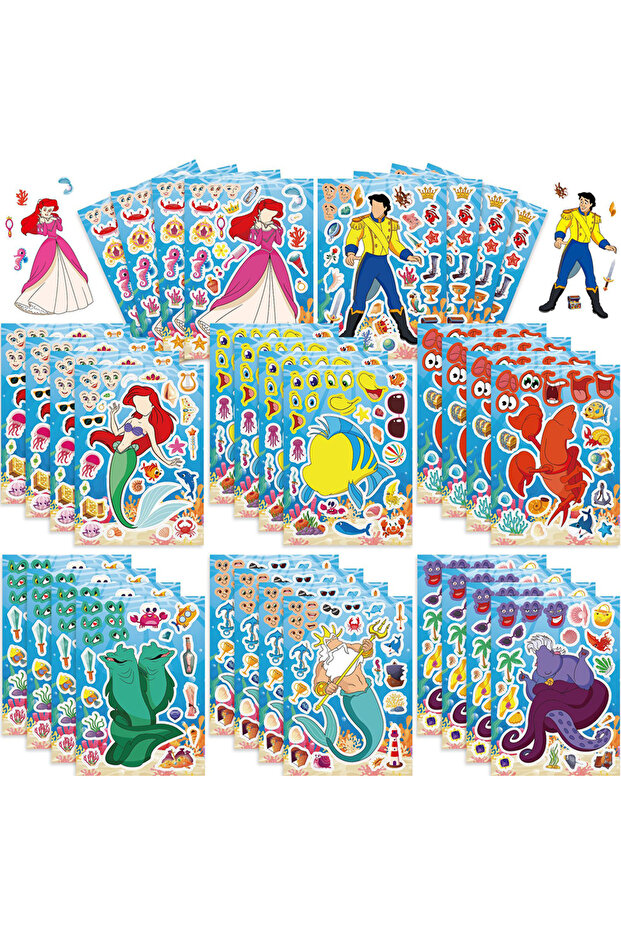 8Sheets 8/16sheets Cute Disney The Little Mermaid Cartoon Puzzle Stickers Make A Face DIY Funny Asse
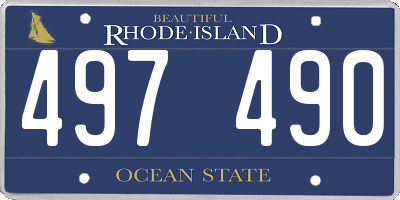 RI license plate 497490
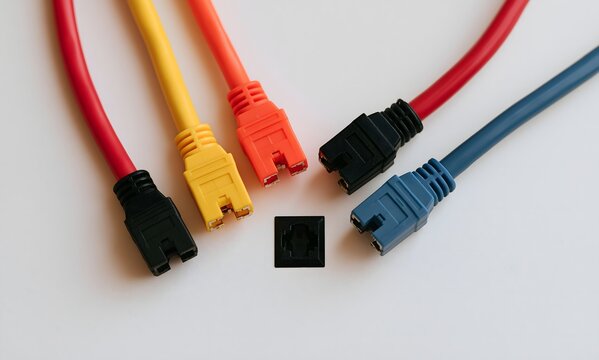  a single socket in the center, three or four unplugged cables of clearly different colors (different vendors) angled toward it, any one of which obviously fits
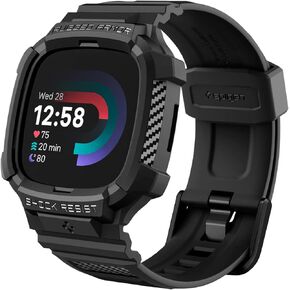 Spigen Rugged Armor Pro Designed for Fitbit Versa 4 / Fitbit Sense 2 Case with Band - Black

* * *

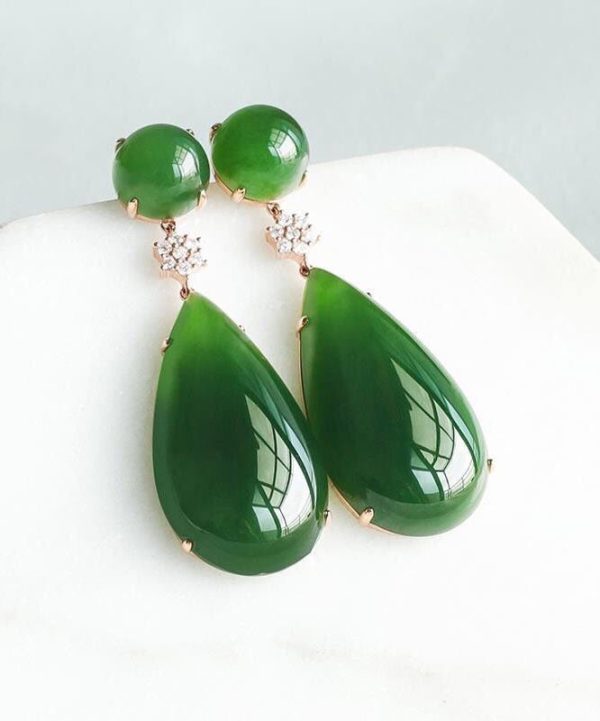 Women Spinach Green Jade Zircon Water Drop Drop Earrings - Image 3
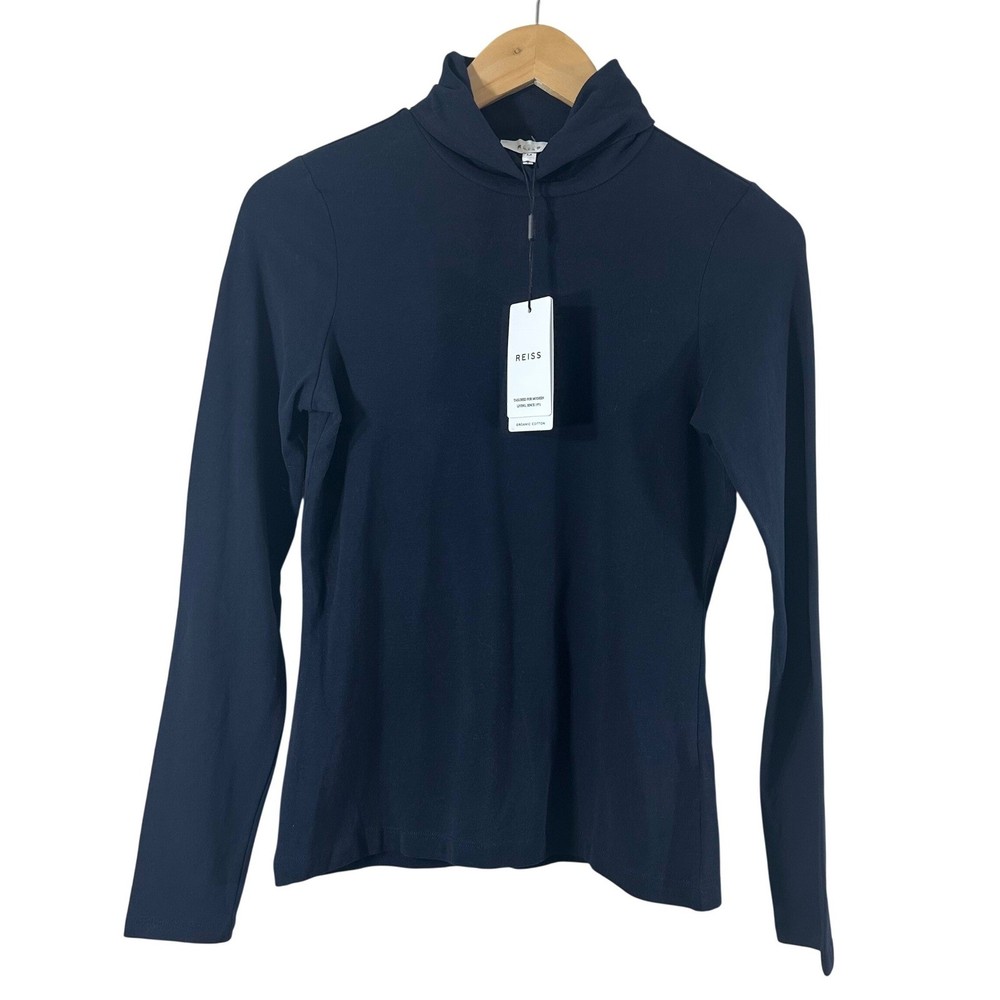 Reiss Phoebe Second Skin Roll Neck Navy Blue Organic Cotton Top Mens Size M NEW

==

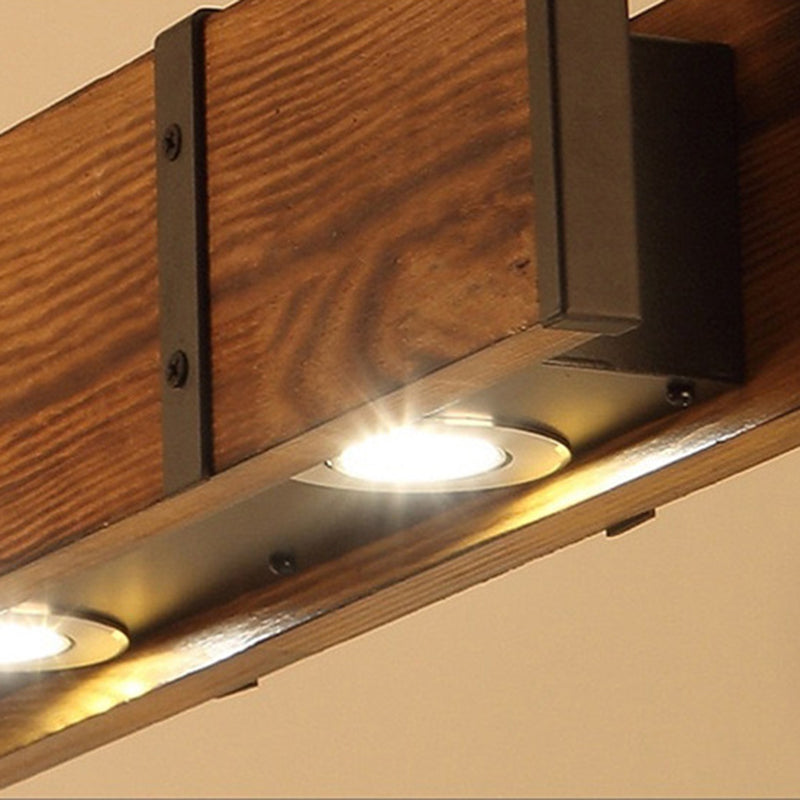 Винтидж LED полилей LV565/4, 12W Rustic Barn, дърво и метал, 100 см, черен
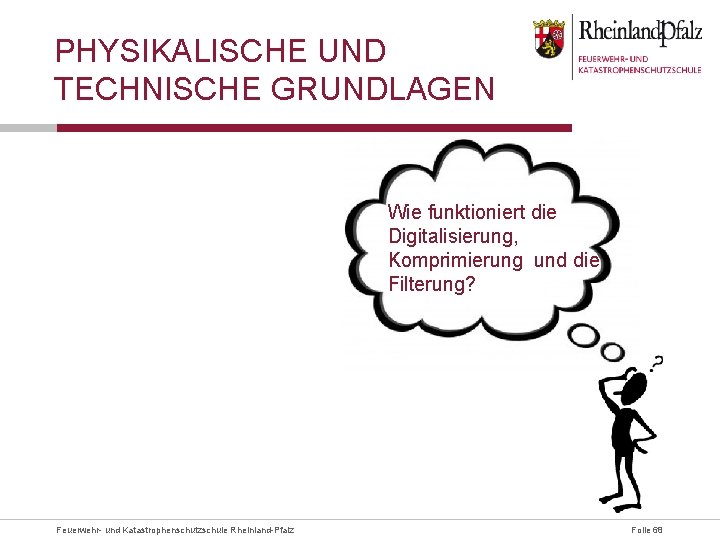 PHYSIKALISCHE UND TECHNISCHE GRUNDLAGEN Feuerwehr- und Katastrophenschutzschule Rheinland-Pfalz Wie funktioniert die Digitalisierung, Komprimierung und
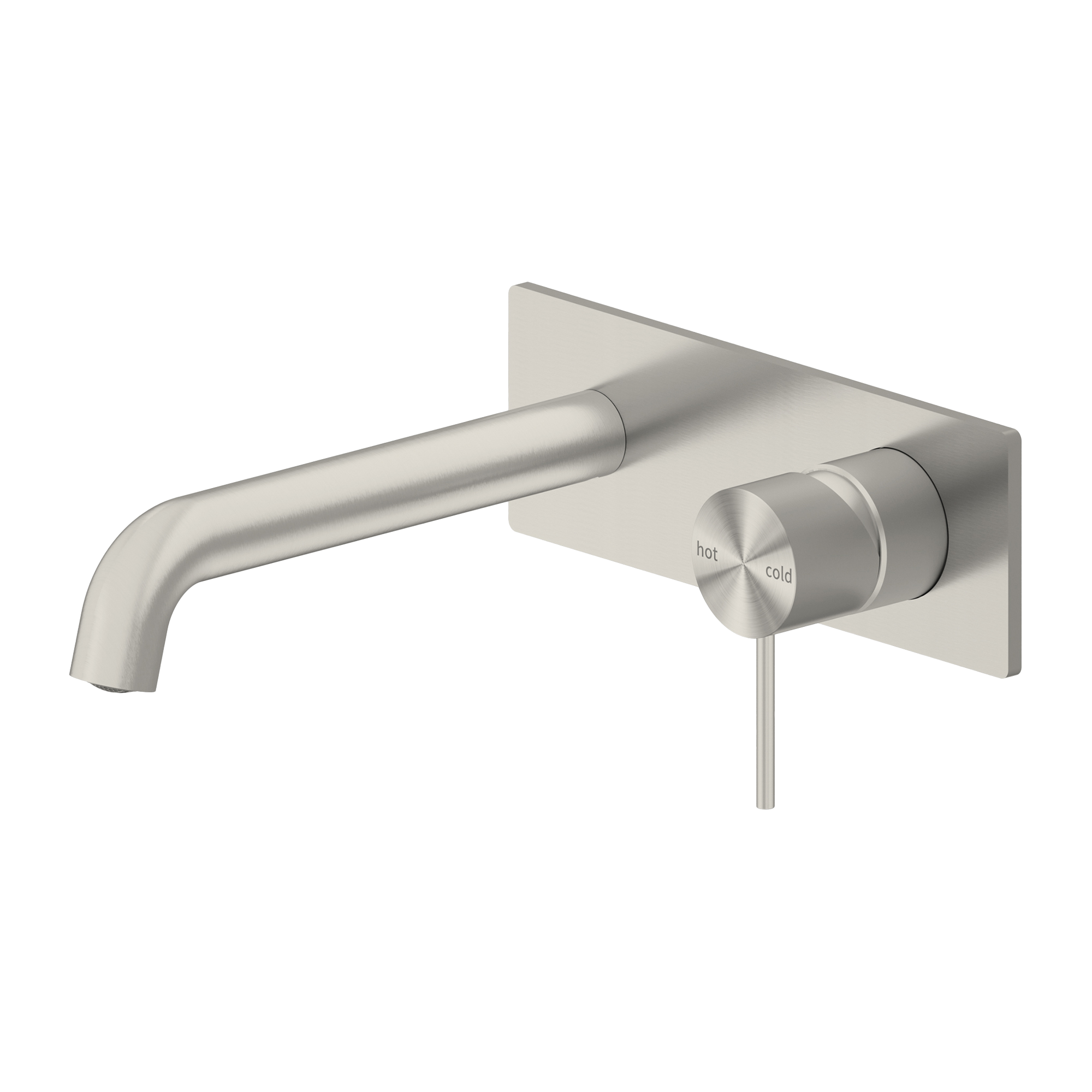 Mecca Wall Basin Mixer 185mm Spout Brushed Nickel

— WHAT IS EXPECTED —
In the listing above, find the line with "8Sheets 8/16sheets Cute" and the line with "Spigen Rugged Armor". Copy both of them and every line between, exactly, but not the pictures.

— TASK RESULT —
 8Sheets 8/16sheets Cute Disney The Little Mermaid Cartoon Puzzle Stickers Make A Face DIY Funny Asse
 RI license plate 497490
  a single socket in the center, three or four unplugged cables of clearly different colors (different vendors) angled toward it, any one of which obviously fits
 Spigen Rugged Armor Pro Designed for Fitbit Versa 4 / Fitbit Sense 2 Case with Band - Black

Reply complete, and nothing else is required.